## WORK ITEM
Repeat the entries without change, omitting the pictures.

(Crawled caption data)
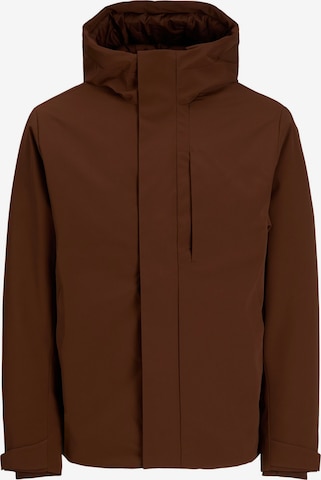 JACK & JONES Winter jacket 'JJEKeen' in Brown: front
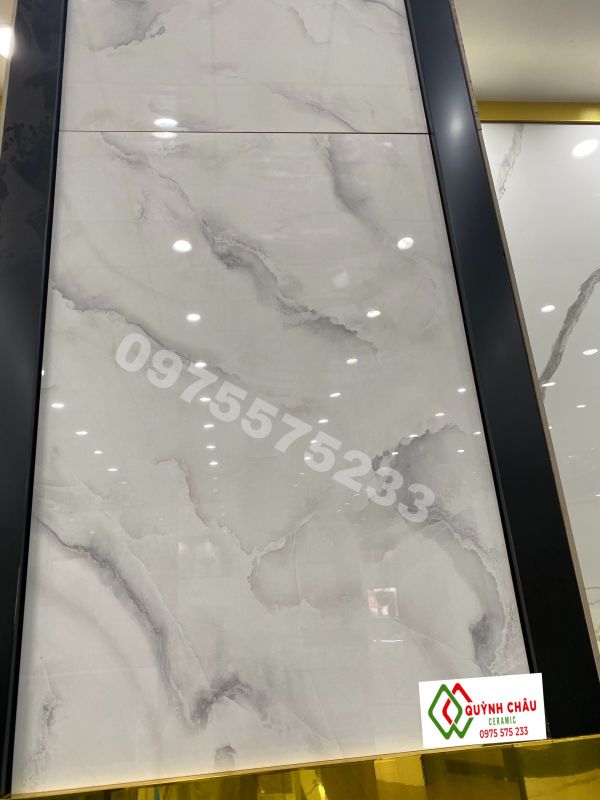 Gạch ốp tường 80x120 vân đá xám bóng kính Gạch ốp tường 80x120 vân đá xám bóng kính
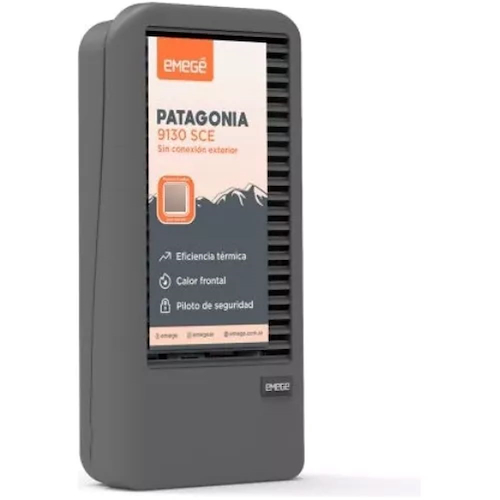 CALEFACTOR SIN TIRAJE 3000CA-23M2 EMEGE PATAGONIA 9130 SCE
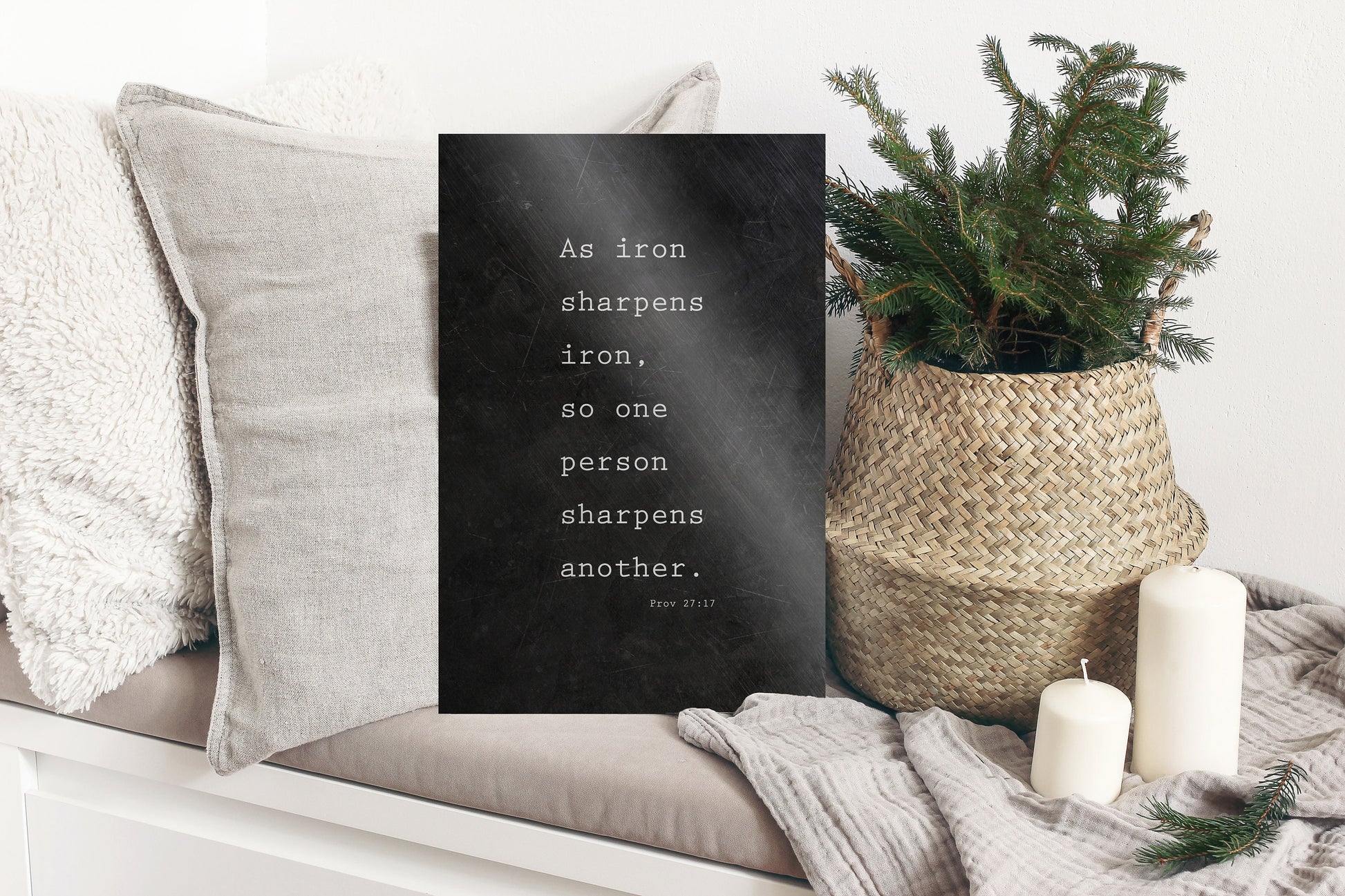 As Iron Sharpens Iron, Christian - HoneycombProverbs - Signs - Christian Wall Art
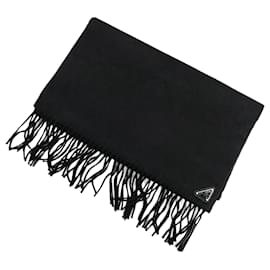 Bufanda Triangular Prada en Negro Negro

## RESULT OF THIS EXERCISE
 JACK & JONES Winter jacket 'JJEKeen' in Brown: front
 Gạch ốp tường 80x120 vân đá xám bóng kính Gạch ốp tường 80x120 vân đá xám bóng kính
 CALEFACTOR SIN TIRAJE 3000CA-23M2 EMEGE PATAGONIA 9130 SCE
 As Iron Sharpens Iron, Christian - HoneycombProverbs - Signs - Christian Wall Art
 Bufanda Triangular Prada en Negro Negro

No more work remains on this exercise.